Red and golden beets are mixed with some tangy Roquefort cheese making this salad a winner for those hot summer days. Crunchy brown sugar pecans give a little sweetness!

Ingredients

  • 2 pounds Beets, Half Red And Half Golden
  • ½ cups Extra Virgin Olive Oil
  • 3 Tablespoons Chopped Fresh Rosemary Plus Extra For Garnish
  • 2 Tablespoons Dried Oregano
  • 1 pinch Sea Salt
  • 1 pinch Pepper
  • 1 cup Pecans
  • ½ Tablespoons Brown Sugar
  • 6 ounces, weight Roquefort Cheese

Preparation

Preheat the oven to 375 F. Wash the beets very well then dry them. Chop the golden beets (do them first to avoid staining them from the purple beets) into large chunks. Transfer to a bowl. Chop the purple beets and transfer to another bowl.

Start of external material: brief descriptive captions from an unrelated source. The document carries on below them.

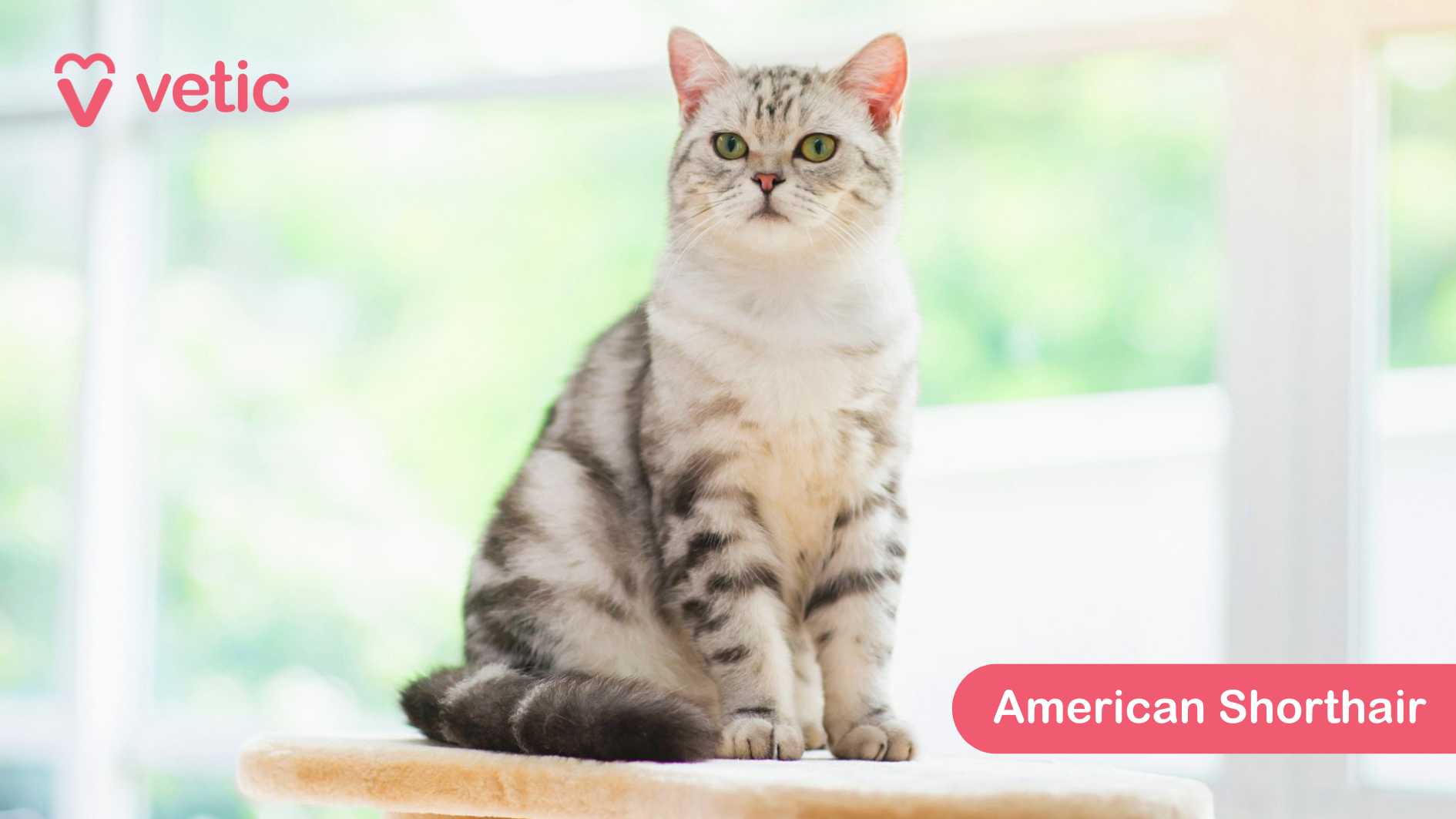 the American Shorthair, a cat breed renowned for its silver tabby coat with bold black stripes and striking green eyes. The cat sits confidently on a perch, surveying its surroundings with a calm yet observant expression. Its strong, muscular build reflects the breed’s history as a skilled hunter and adaptable companion. American Shorthairs are low-maintenance and well-suited for various climates, thanks to their dense, short coat, which provides protection while requiring minimal grooming. They are affectionate yet independent, making them great pets for families looking for a friendly but not overly demanding feline companion. The light background and blurred focus create a beautiful contrast, allowing the silver tabby pattern to stand out.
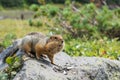 Arctic ground squirrel eating seeds on rock. Kamchatka. Royalty Free Stock Photo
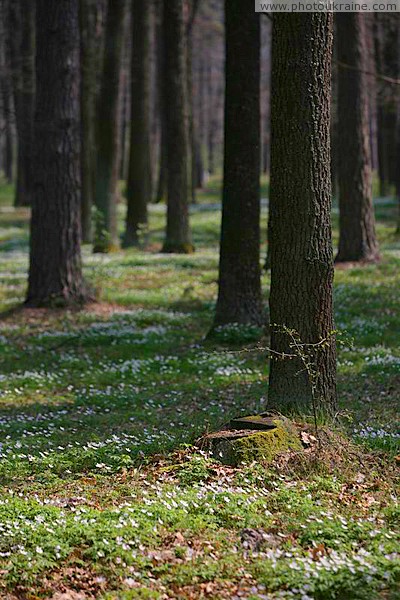 Poliskyi Reserve. Pine poles Zhytomyr Region Ukraine photos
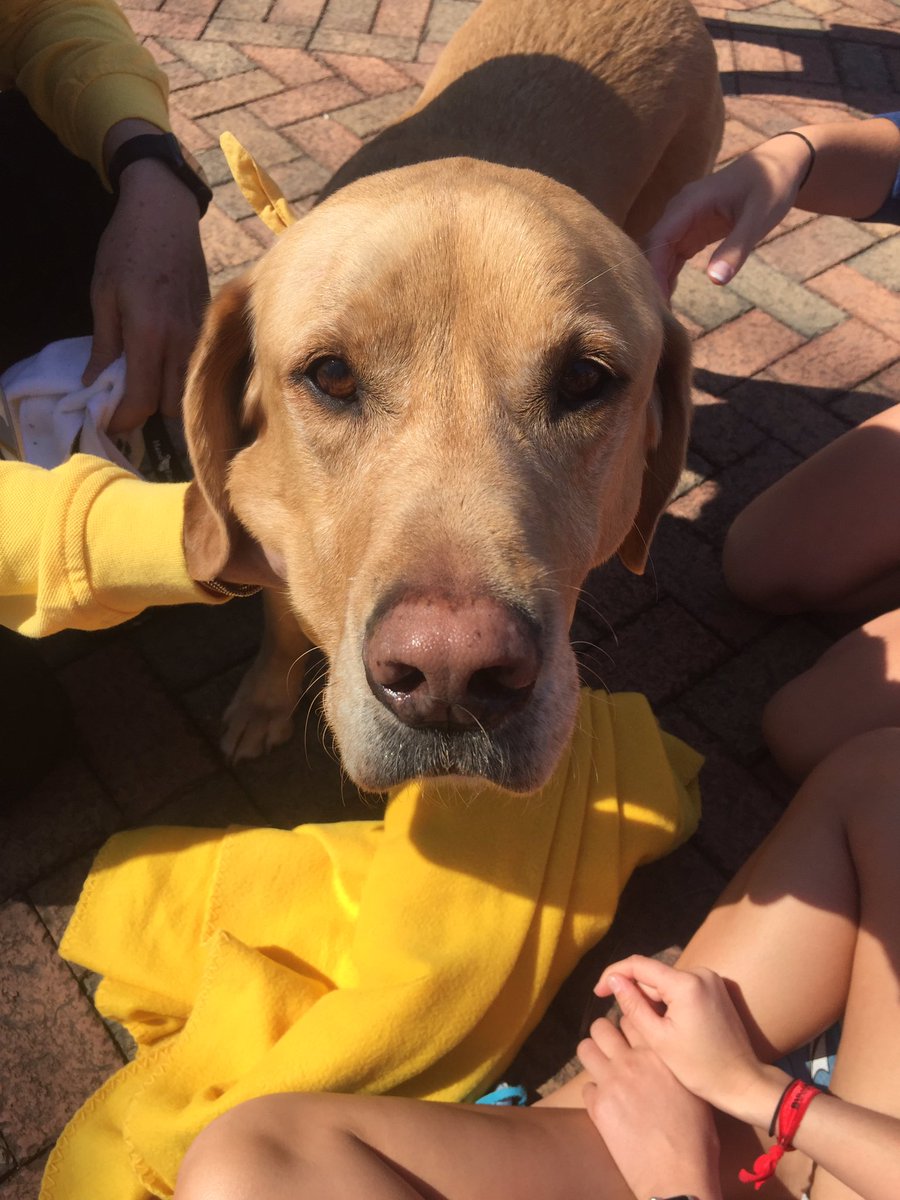 facethefive's tweet image. Don't you wanna love on this puppy?! Come to the Law plaza now!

Place 1/4 cup of olive oil into each bowl and add half of the rosemary and oregano to each bowl of beets. Season both bowls with salt and pepper. Toss until well combined.

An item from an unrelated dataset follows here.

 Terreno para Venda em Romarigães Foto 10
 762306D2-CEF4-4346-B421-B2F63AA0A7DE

Lay the purple beets on one baking tray and the golden on another tray. Place the trays in the oven and bake for 45 minutes or until they can be poked with a sharp knife with little resistance. After 20 minutes give each tray a shuffle with a spatula to make sure the beets are cooking evenly.

In the meantime, add the pecans and brown sugar to a saucepan over medium heat and heat until the sugar softens and clings to the pecans, about 10 minutes. Then remove the pan from the heat and set aside to cool.

Once the beets are done let them cool until you can pick them up and peel of the skin side of each chunk. Transfer each color to a bowl as you peel them.

Lay some of each color beet on a plate and top with some of the crumbled cheese and chopped pecans.

Garnish with more chopped rosemary and sea salt.